Ainsi « ceux qui se réfèrent assidûment à la pauvreté et la vantent avec enthousiasme sont justement les chrétiens aisés et les hommes d'Église d'extraction bourgeoise, qui n'ont jamais eu l'occasion d'en faire personnellement l'expérience ».

Il passe ainsi en revue « au-delà de toute rhétorique, les contenus authentiques et exacts des mots qui jouissent d'une si large préférence ».

L'intérêt central du cardinal n'est cependant pas de se livrer à une revue thématique ou linguistique. Même à présent qu'il n'occupe plus la chaire épiscopale, il ne cesse certes pas de se sentir un pasteur et de frémir de l'impatience (cela affleure dans certaines pages) de communiquer aux fidèles le sens le plus vrai de l'« appartenance » au « troupeau du Christ » ce qui, pour lui, est l'exact contraire d'avoir des opinions plus ou moins personnelles, plus ou moins adaptables à la situation, avec lesquelles « traduire » le message évangélique.
« Juste pour nous comprendre (même avec le risque de paraître provocateur) - dit-il à un certain moment, en commentant un passage d'un Évangile - nous pourrions parler de conception `cléricale'. Ce qui compte est qu'il y ait le groupe conscient et motivé des Douze (et des disciples désignés), pour assurer l'annonce ; ensuite les hommes répondront à leur mesure. Ce qui compte, c'est que l'évangile soit prêché par les responsables, ensuite la graine bourgeonnera comme elle pourra ».
Et c'est de là, de cette « nécessité de prédication de l'Évangile », et non pas d'une présumée nécessité de communiquer avec le monde, que doit descendre dans l'Eglise la responsabilité des pasteurs : « Personne n'est pasteur par lui-même - dit Biffi à un autre endroit - mais tous ceux qui le sont légitimement, le sont parce qu'ils reflètent la `pastoralité' du Christ et du Père ». Cela signifie, pour Biffi, que « celui qui exerce - à n'importe quel niveau légitime - le ministère pastoral, doit vérifier quotidiennement sa correspondance avec le `Pasteur suprême’ ».
Au centre de toute la « réflexion » du cardinal, le point central est cependant, peut-être, encore autre chose. Et c'est un point qui concerne non seulement « les règles du troupeau » (si nous pouvons les appeler ainsi), mais son rapport, sa raison d'être dans le monde. On le voit de façon évidente dans les passages où Biffi parle de « dimension ontologique de la vérité ». Et où on comprend, par exemple, que même la « charité », pour les chrétiens, peut être seulement une « épiphanie (au sens manifestation) de la vérité ». Ce qui revient à dire qu'on ne peut pas avoir une conception droite de l'agir « charitable », si on ne se fonde pas sur la Vérité.
Et ainsi, on en revient encore au problème du langage, et même, surtout, écrit Biffi, « celui du `non langage', c'est-à-dire celui d'un monde chrétien qui est réticent à présenter une conception de la réalité et un enseignement existentiel trop différents de ceux qui sont universellement proclamés. Le problème principal est celui de récupérer la foi dans la foi et dans sa capacité de toucher les coeurs ».

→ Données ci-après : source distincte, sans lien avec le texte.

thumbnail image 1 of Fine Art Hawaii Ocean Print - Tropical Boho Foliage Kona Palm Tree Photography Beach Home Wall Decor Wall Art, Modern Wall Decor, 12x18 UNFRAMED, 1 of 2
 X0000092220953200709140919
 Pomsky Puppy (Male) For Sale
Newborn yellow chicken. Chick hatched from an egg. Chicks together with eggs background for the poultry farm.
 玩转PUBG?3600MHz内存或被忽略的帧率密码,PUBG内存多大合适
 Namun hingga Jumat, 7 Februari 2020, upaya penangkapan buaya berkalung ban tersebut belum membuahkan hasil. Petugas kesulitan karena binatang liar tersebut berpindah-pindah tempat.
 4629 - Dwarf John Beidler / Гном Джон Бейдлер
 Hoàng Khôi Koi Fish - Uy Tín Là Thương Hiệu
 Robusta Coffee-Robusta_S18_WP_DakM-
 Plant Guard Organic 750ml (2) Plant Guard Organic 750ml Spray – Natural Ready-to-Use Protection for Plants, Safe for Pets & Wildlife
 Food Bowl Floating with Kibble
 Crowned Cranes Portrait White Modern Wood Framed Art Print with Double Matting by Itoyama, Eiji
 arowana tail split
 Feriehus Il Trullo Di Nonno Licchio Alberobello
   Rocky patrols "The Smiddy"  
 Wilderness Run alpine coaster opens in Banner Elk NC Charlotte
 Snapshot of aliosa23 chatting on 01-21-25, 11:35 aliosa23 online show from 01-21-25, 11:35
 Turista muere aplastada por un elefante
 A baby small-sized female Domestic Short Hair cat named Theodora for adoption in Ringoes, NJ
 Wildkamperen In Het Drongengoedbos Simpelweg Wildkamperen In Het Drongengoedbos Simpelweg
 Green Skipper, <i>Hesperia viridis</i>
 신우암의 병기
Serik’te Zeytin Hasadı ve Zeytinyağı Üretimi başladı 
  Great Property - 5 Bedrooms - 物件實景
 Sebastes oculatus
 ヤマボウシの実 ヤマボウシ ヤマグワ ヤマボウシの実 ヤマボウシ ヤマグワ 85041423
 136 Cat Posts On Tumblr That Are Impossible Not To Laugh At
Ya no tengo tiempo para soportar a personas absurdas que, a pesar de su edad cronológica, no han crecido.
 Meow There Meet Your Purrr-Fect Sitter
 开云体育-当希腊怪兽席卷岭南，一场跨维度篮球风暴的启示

Lorsque l'archevêque émérite de Bologne écrit avec une réalisme rugueux que « se faire comprendre est nécessaire, et qu'il faut donc parler avec clarté et simplicité ; mais la difficulté majeure n'est pas de se faire comprendre. Nos contemporains ne sont pas obtus : lorsqu'ils entendent annoncer que Jésus Christ est ressuscité (c'est-à-dire qu'il est passé de la mort à la vie), ils comprennent très bien de quoi il s'agit », il est probable que les oreilles de beaucoup de ses collègues commencent à leur siffler, qu'ils soient encore en charge de leur chaire, ou émérites: « Parce que même les plus naïfs connaissent la différence entre un homme mort et un homme vivant ».
Par contre, écrit encore le cardinal, dans l'actuelle « vie pastorale » de l'église « ce qui est répréhensible est l'emploi du `théologais’ (en italien 'teologhese', il s'agit d'un néologisme que j'ai traduit comme j'ai pu): c'est-à-dire une façon de parler et d'écrire qui fuit de la clarté sans réussir pour autant à être vraiment substantielle et profonde».
Il y a les pasteurs, il y a les brebis, et il y a ceux qui diluent l'annonce évangélique et « d'habitude ce n'est pas parce qu'ils ne le comprennent pas ; c'est parce qu'il ne leur plaît pas ».

Biffi rappelle que seule la vérité rend libre, et que toute autre « libération est illusoire ».